1- )Dosya kapsamına dava evrakı ile yargılama tutanakları içeriğine, mahkemece deliller değerlendirilerek karar verildiğine ve takdirde bir isabetsizlik bulunmadığına göre, aşağı bentte yazılı nedenler dışındaki davacı vekilinin sair temyiz itirazları yerinde görülmemiştir.

2- )Mahkemece, Didim İlçesi’nde bulunan kooperatif hakkındaki taşınmaza ilişkin tapu kaydının belirlenemediği gerekçesiyle davanın usulden reddine karar verilmiş ise de mahkemenin bu görüşüne katılma olanağı bulunmamaktadır. Davacı tarafça bu taşınmaz hakkındaki kooperatif üyelik hakkı tasfiyeye konu edilmiştir. Bu tür mal varlığının tasfiyeye konu olması için tapu kaydı oluşması zorunlu değildir. Kooperatif hakkında tasfiye tarihine kadar yapılan ödemeler getirtilerek tasfiyeye tabi tutulması gereken miktarın belirlenmesi ve HMK’nun 31. maddesi uyarınca davanın aydınlatılması gerekir.

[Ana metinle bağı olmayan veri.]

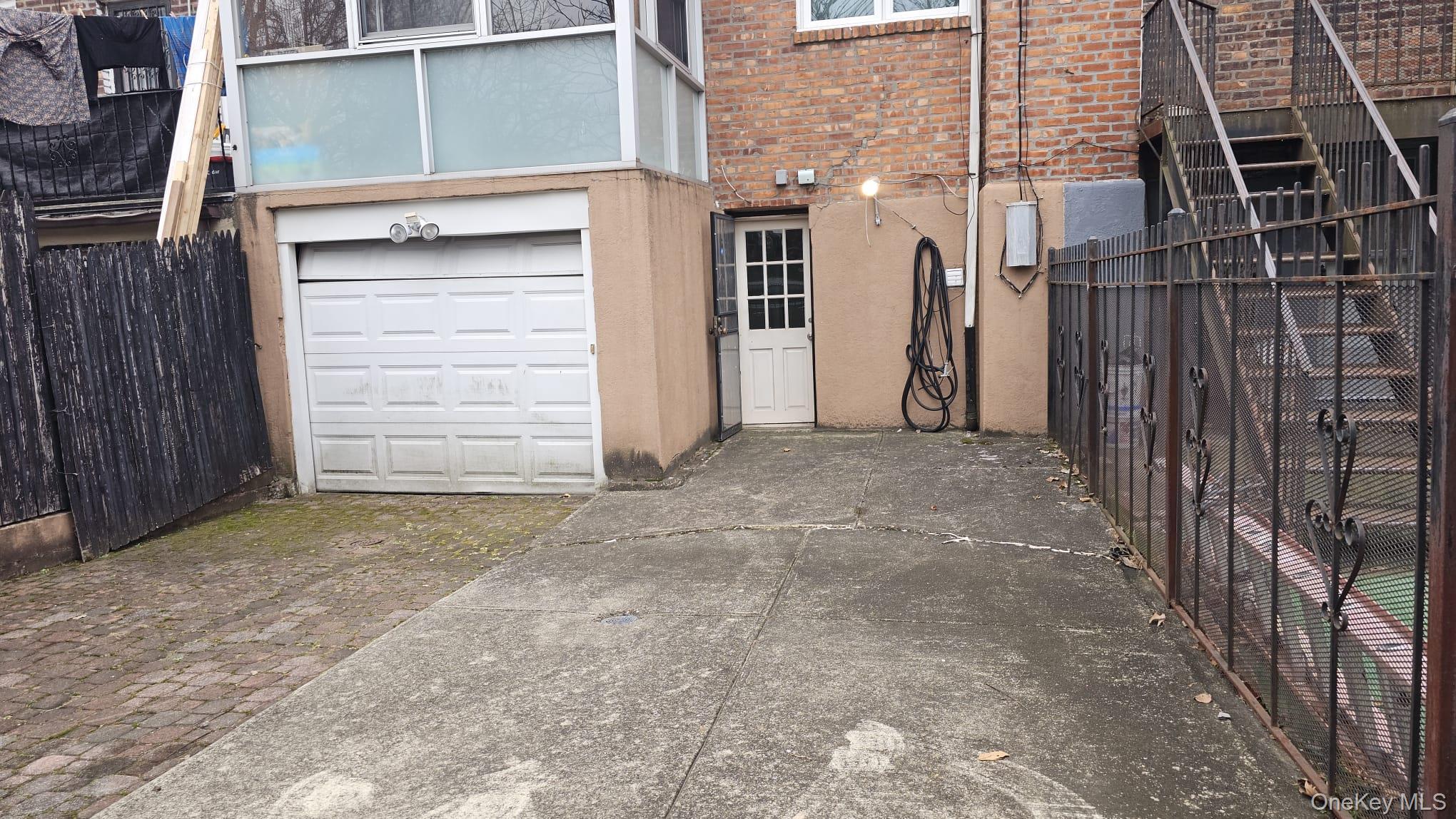 Single Family 25th  Queens, NY 11370, MLS-968275-22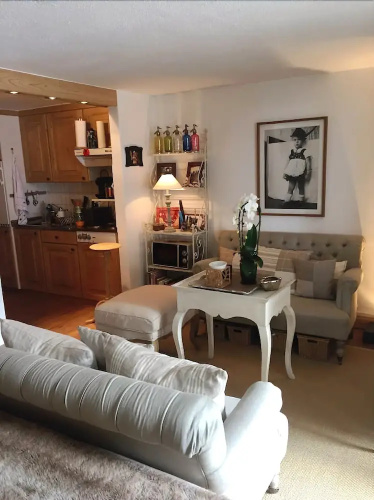 Luxurious big Studio on the Wispile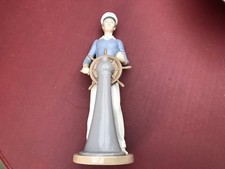 A LOVELY  LLADRO 5206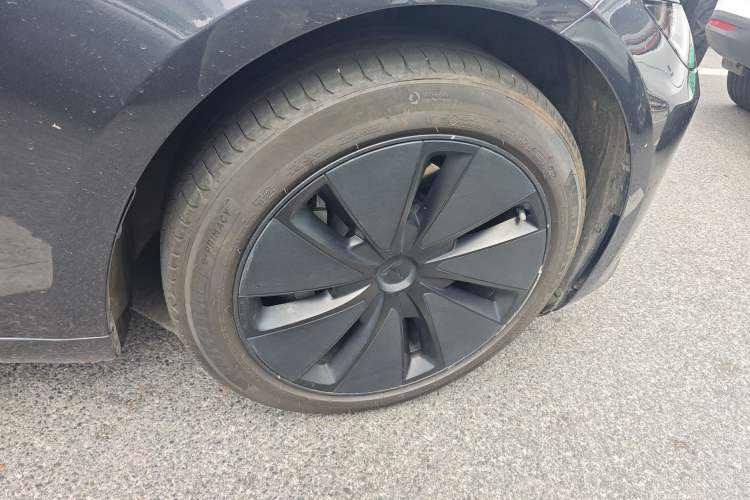 Used Tesla Model 3 2023 Rear-Wheel-Drive Version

Bundan ayrı; hukukçu bilirkişi tarafından taşınmazın edinilmesine yapılan katkı % 20 olarak tespit edilmiş, mahkemece Yargıtay uygulamalarına göre, davacının katkı oranının %40 olarak kabul edilmesi gerektiğine işaret edilerek katkı payı alacağı belirlenmiş ise de, taşınmazın edinme değeri, davacının katkı oranı ve dava tarihindeki değeri göz önünde tutulduğunda belirlenen katkı payı alacağının usulüne uygun olarak saptanmadığı anlaşılmaktadır. Mahkemece yapılacak iş; tarafların ekonomik ve sosyal durumları göz önünde bulundurularak kişisel harcamaları ve 743 sayılı TKM’nin 152. maddesine göre davacı kocanın aileyi geçindirme yükümlülüğü göz önünde bulundurularak taşınmazın edinme tarihi itibarıyla tarafların yapabilecekleri tasarruf miktarı hesaplandıktan sonra katkı oranlarının belirlenmesi, bundan sonra tespit edilmiş olan oranın taşınmazın belirlenmiş olan dava tarihindeki değeri ile çarpılarak davacının katkı payı alacağının saptanması, ondan sonra esas hakkında karar verilmesi gerekmektedir. Mahkemece davacının katkı payı alacağının yukarıda açıklanan usul ve esaslar çerçevesinde bir karar verilmesi gerekirken hatalı değerlendirme sonunda yazılı gerekçelerle karar verilmesi isabetli olmamıştır.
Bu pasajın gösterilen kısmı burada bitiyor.